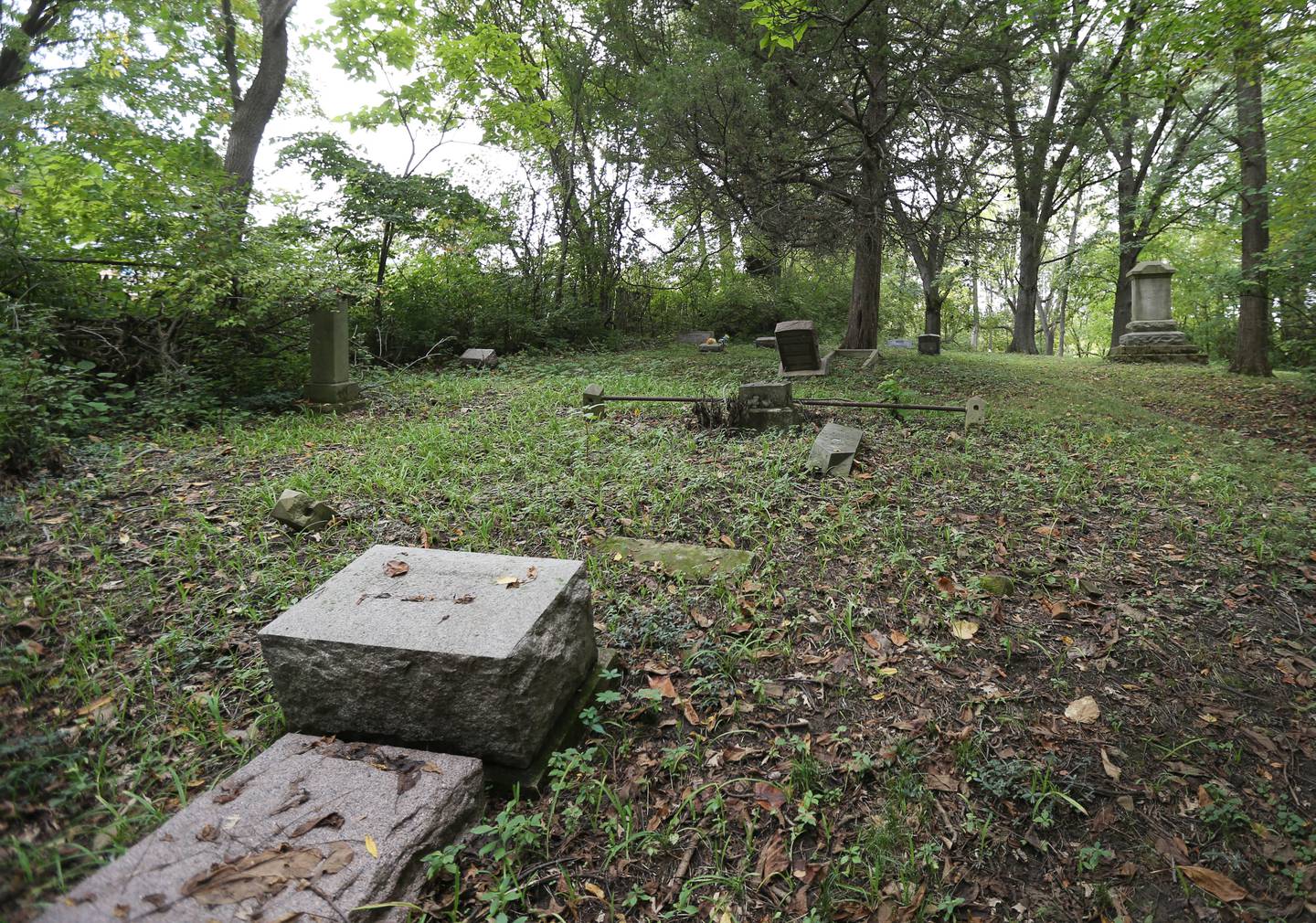 A view of Lithuanian Cemetery on Thursday, Sept. 28, 2023 in Spring Valley. Locals tell the story of a hatchet man. The cemetery is one of the top scariest in the State of Illinois.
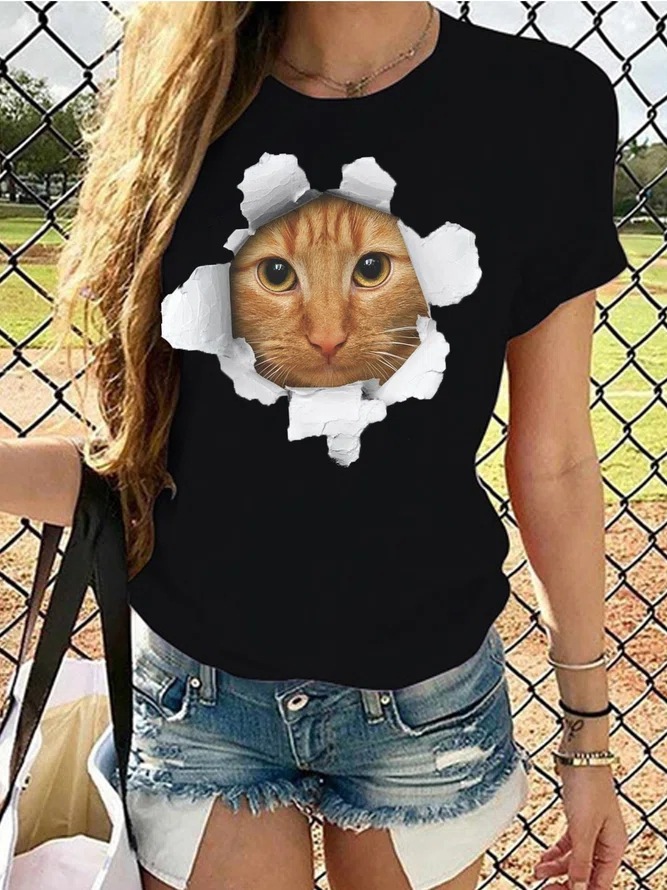 Frau T-Shirt Kurzarm T-Shirts Drucken Einfacher Stil Katze display picture 4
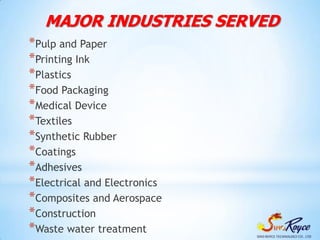 MAJOR INDUSTRIES SERVED
*Pulp and Paper
*Printing Ink
*Plastics
*Food Packaging
*Medical Device
*Textiles
*Synthetic Rubbe...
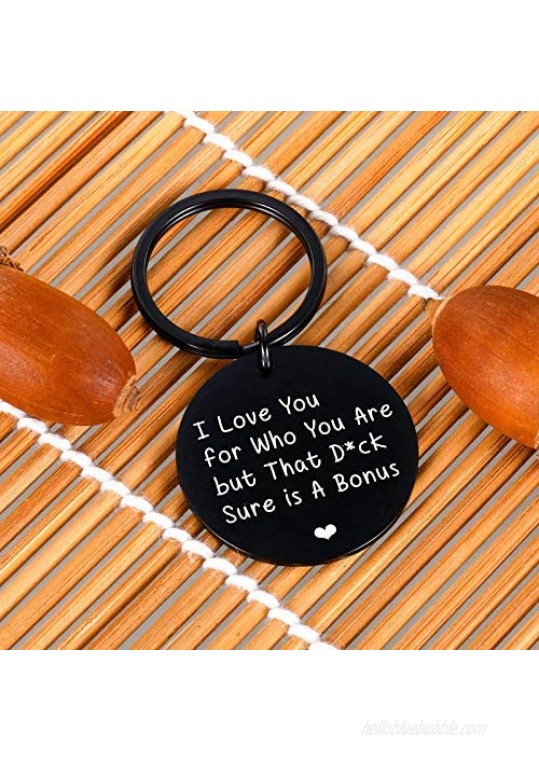 Funny Couple Valentines Gift for Husband To Be Dad Fthers Day Gifts Boyfriend Birthday Wedding Anniversary Keychain for Hubby from Wife Girlfriend Stocking Stuffer for Him Men Fiance from Fiancée Bride Gag Keyring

YOUR INSTRUCTIONS
Output all of the records exactly as they appear above, but not the pictures.

OUTPUT OF THE TASK
 A view of Lithuanian Cemetery on Thursday, Sept. 28, 2023 in Spring Valley. Locals tell the story of a hatchet man. The cemetery is one of the top scariest in the State of Illinois.
 Frau T-Shirt Kurzarm T-Shirts Drucken Einfacher Stil Katze display picture 4
 MAJOR INDUSTRIES SERVED
*Pulp and Paper
*Printing Ink
*Plastics
*Food Packaging
*Medical Device
*Textiles
*Synthetic Rubbe...
 Funny Couple Valentines Gift for Husband To Be Dad Fthers Day Gifts Boyfriend Birthday Wedding Anniversary Keychain for Hubby from Wife Girlfriend Stocking Stuffer for Him Men Fiance from Fiancée Bride Gag Keyring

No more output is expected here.